SELAJUR.COM, Samarinda – Konflik lahan di kawasan Polder Air Hitam kembali menjadi sorotan setelah tujuh warga mengklaim tanah mereka belum mendapatkan ganti rugi dari Pemerintah Kota Samarinda.
Lahan yang kini telah dibangun menjadi gedung anggar atau taekwondo itu masih dipersengketakan, meskipun pemerintah menyatakan telah menyelesaikan pembayarannya sejak 2013.
Ketua Komisi I DPRD Samarinda, Samri Shaputra, menjelaskan bahwa pemerintah kota sebenarnya telah membebaskan lahan tersebut. Namun, belakangan muncul klaim baru dari masyarakat yang merasa belum menerima pembayaran.
“Dari aset mengakui masih ada tujuh orang yang belum dibebaskan lahannya, tetapi mereka harus mengajukan penentuan titik koordinat ke BPN dulu. Jangan sampai kita main bayar lagi, nanti ada lagi yang mengaku sebagai pemilik,” ujar Samri Shaputra, baru-baru ini.

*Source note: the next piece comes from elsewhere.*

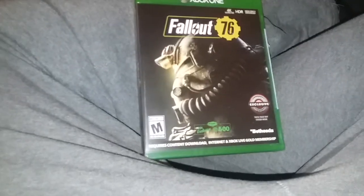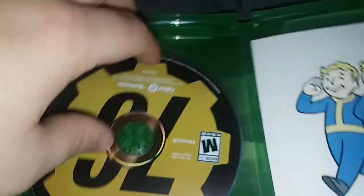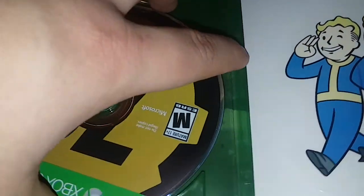We're back again for a new Fallout 76 unboxing. Let me get my thing and cut it open. We've got the actual game here, and I'll pop that on to my Xbox.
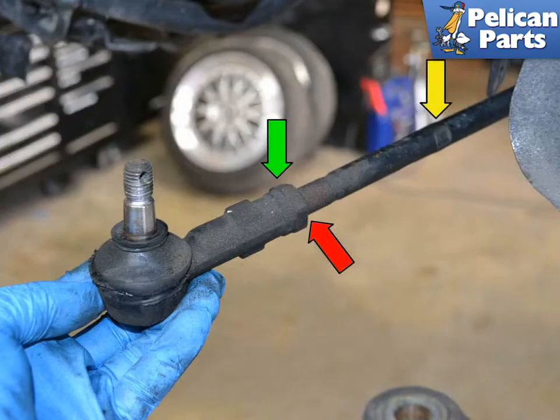Measure and mark the installation position of the outer tie rod end (red arrow), or count the turns when removing. This helps with getting the alignment as close as possible when replacing it.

Menurutnya, penentuan titik koordinat ini penting agar kejelasan status lahan bisa dipastikan. Ia juga mengungkapkan kekhawatiran adanya kemungkinan kesalahan pembayaran di masa lalu.
“Bisa saja pemerintah kota sudah membayar kepada pemilik awal, tetapi ternyata lahan itu sudah dijual lagi ke pihak lain. Hal-hal seperti ini sering terjadi,” tambahnya.
Selain kasus di Polder Hairitam, Samri juga menyoroti masalah lain, seperti tanah yang diklaim sebagai lahan transmigrasi serta rencana pengadaan lahan untuk pemakaman umum di setiap kecamatan.
Dikatakannya, semua masalah ini harus ditelusuri secara hati-hati agar tidak ada keputusan yang salah di kemudian hari.
DPRD akan menggelar hearing lanjutan setelah pemilik lahan mengajukan permohonan ke BPN. “Kami siap mendampingi masyarakat, tetapi semuanya harus jelas dan berdasarkan data yang valid,” tutupnya.